- [Exercise data]:
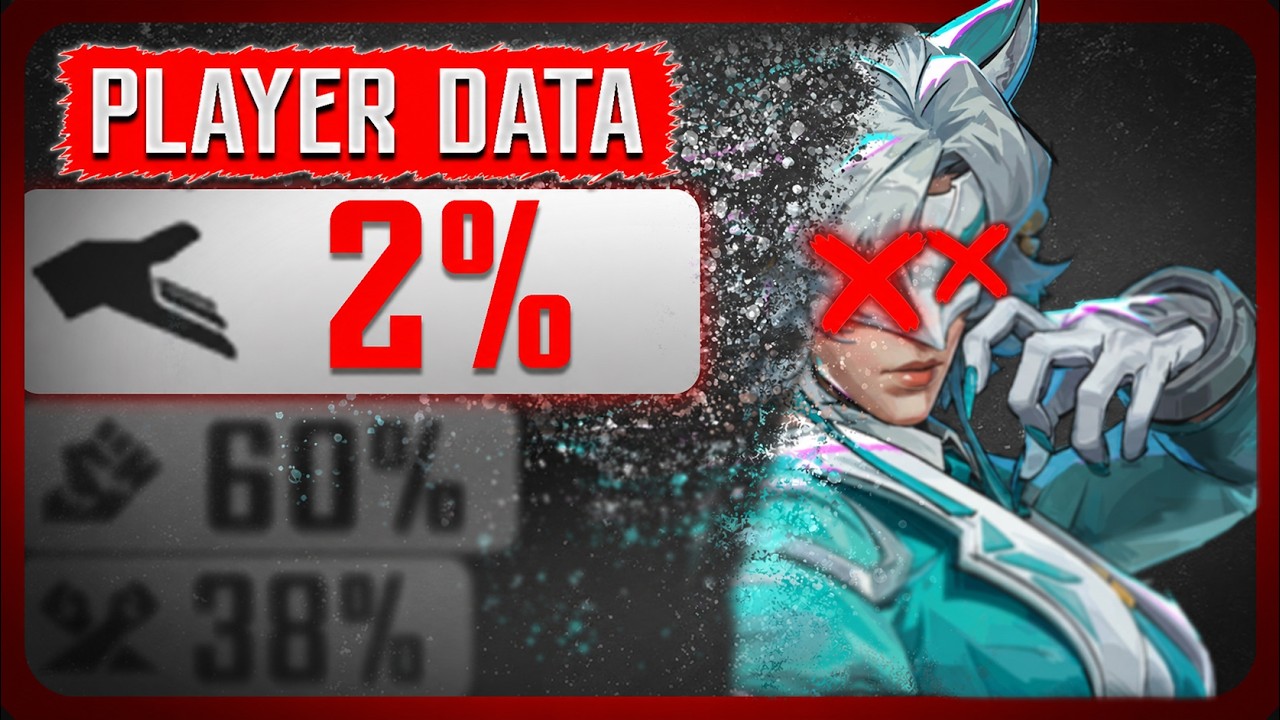 WHERE Have All The Strategist Players Gone?? | Marvel Rivals
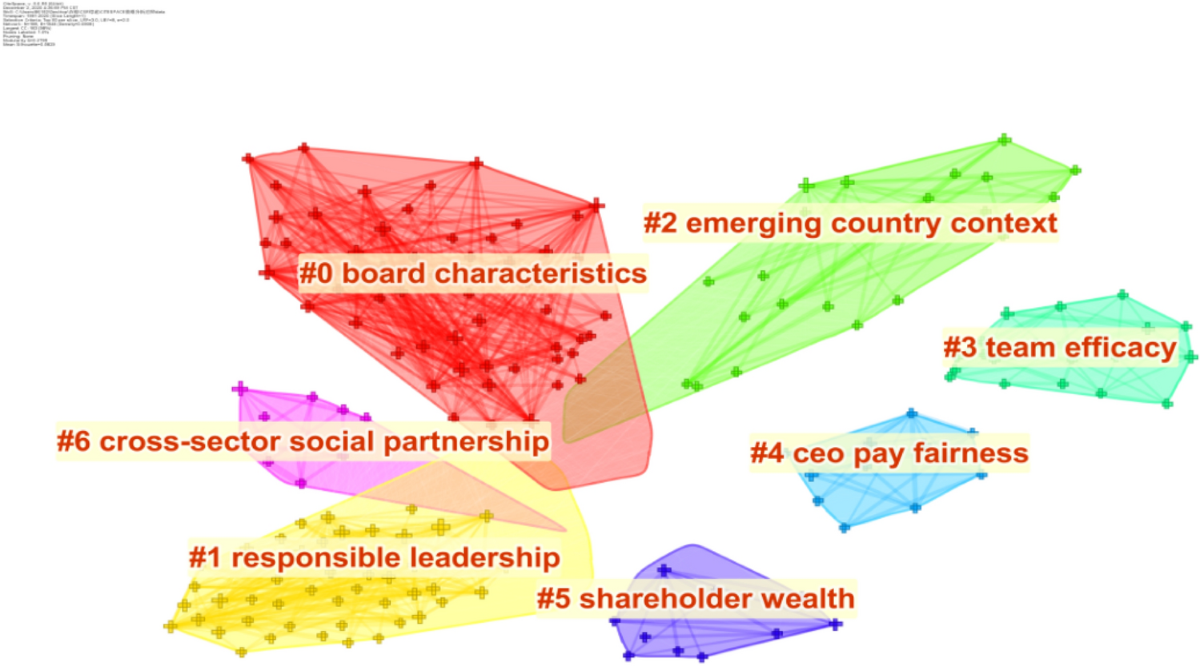Trends in the Dynamic Evolution of Corporate Social Responsibility and  Leadership: A Literature Review and Bibliometric Analysis | Journal of  Business Ethics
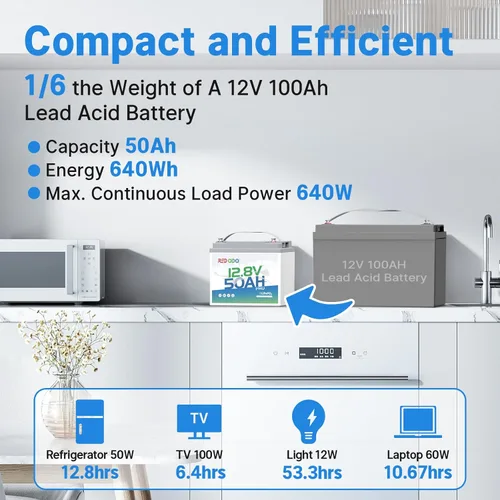 Vista 4 de Redodo Batería LiFePO4 de 12.8 V 50 Ah (paquete de 2), repuesto ideal para batería AGM SLA de 12 V 100 Ah, BMS integrado, 4000-8000 ciclos y 10 años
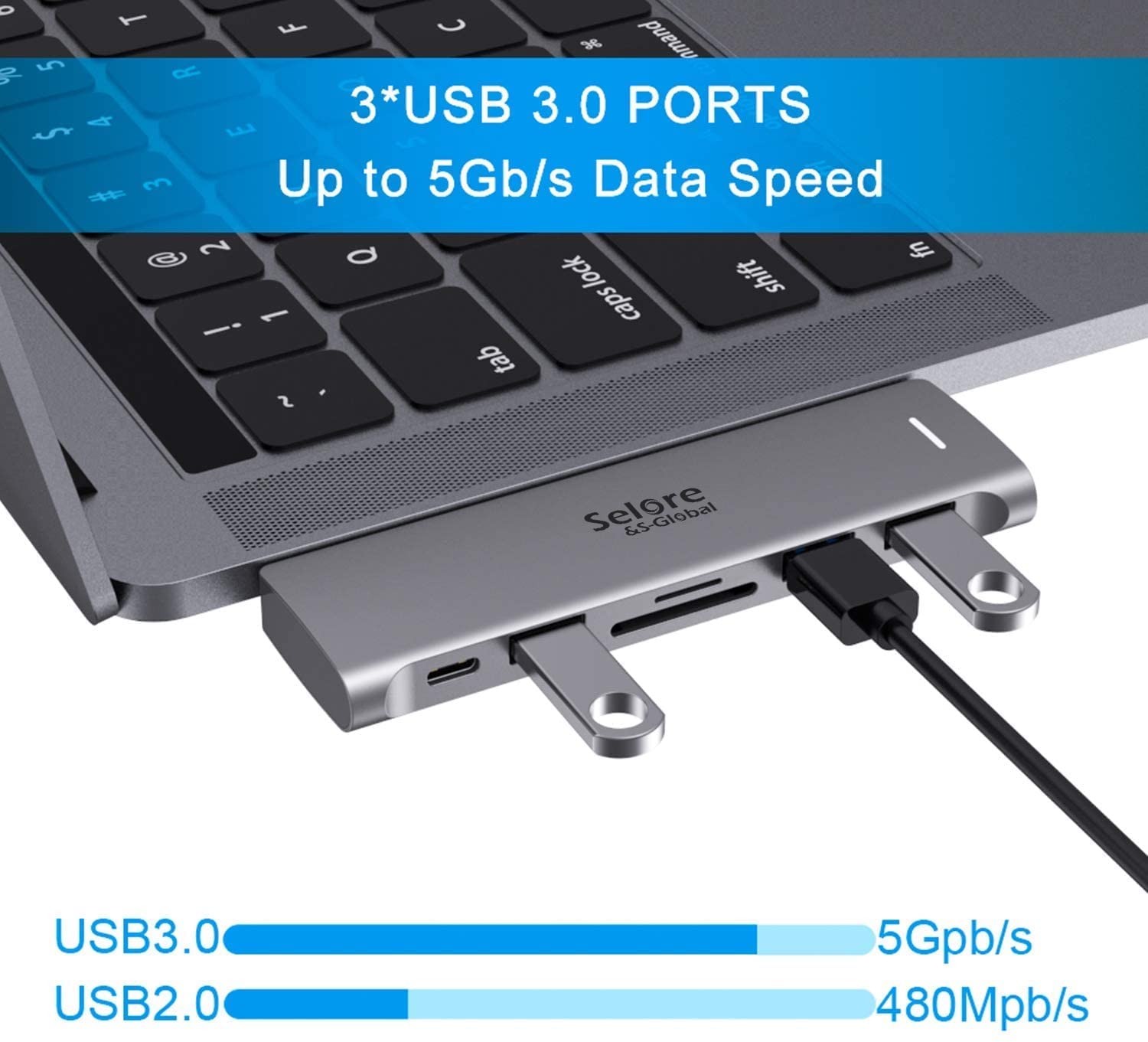 Selore 6-in-1 USB-C Hub for MacBook Pro and Air photo 4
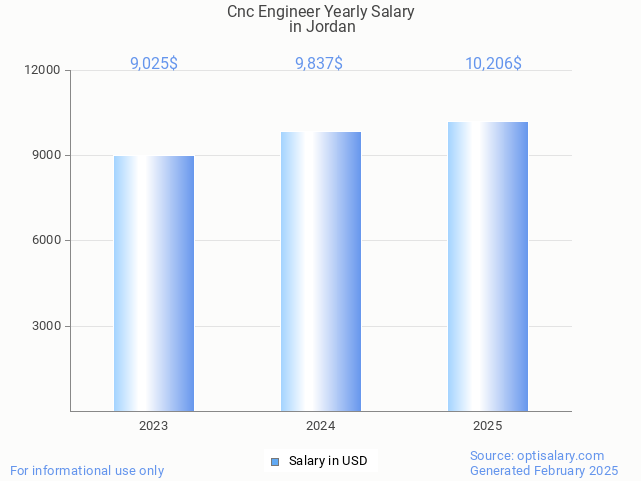 cnc engineer salary in jordan 2025 cnc engineer salary in jordan 2025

- [Task description]:
Would you print the listing above in full, exactly, but with no pictures?

- [Final answer]:
 WHERE Have All The Strategist Players Gone?? | Marvel Rivals
Trends in the Dynamic Evolution of Corporate Social Responsibility and  Leadership: A Literature Review and Bibliometric Analysis | Journal of  Business Ethics
 Vista 4 de Redodo Batería LiFePO4 de 12.8 V 50 Ah (paquete de 2), repuesto ideal para batería AGM SLA de 12 V 100 Ah, BMS integrado, 4000-8000 ciclos y 10 años
 Selore 6-in-1 USB-C Hub for MacBook Pro and Air photo 4
 cnc engineer salary in jordan 2025 cnc engineer salary in jordan 2025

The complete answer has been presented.